Valuing a Good Time, Dearie

Listener 30 May 1987.

Keywords: Regulation & Taxation;

I imagine that somewhere in the megaliths near the Beehive there is a memorandum advocating the decriminalisation of prostitution. It probably starts with the “general principle” that there should be no artificial barriers to the entry or exit of firms to the industry in New Zealand.

It probably contains a simple illustration comparing sex with wool. It might remind us that “the system of property rights governing wool is characterised by the sale of wool to anyone willing to pay the going price for it. Government does not prevent wool owners from selling their wool, stop them from using it for some purposes, specify the production technology they use, or dictate the product designs they can use. If the government were to apply the current property rights system to wool as it applies to sexual activity it would most certainly be seen to be an inefficient allocation system.

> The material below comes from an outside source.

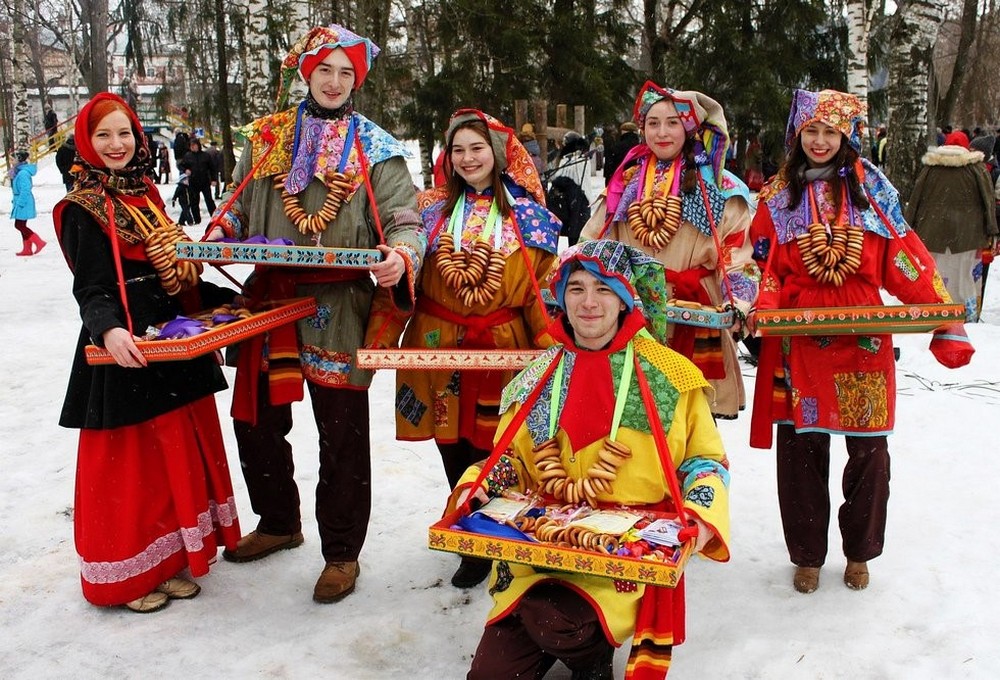 Люди в ошатних костюмах з бубликами та частуванням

The paper must then go on to discuss some of the benefits of decriminalising prostitution. Legal prohibition does not prevent the activity; it merely drives it underground. That involves police resources and in the long run health resources, since we know illegal prostitution is associated with drug abuse (including alcohol and tobacco) and with VD (including Aids). Thus decriminalisation would reduce pressure on public spending.

It would also increase public revenue, since those involved typically do not pay income tax or GST. Overseas, brothels also make significant contributions to local authority rates. It would be a growth industry .We desperately need them in the service sector given what is happening to agriculture and manufacturing. In particular, it would be a real stimulus to tourism, making us more competitive with those Australian states where prostitution is not illegal.

And it would generate jobs, particularly among some of the largest groups of the currently unemployed. No doubt the paper remarks that this is yet another example of a government intervention which costs jobs.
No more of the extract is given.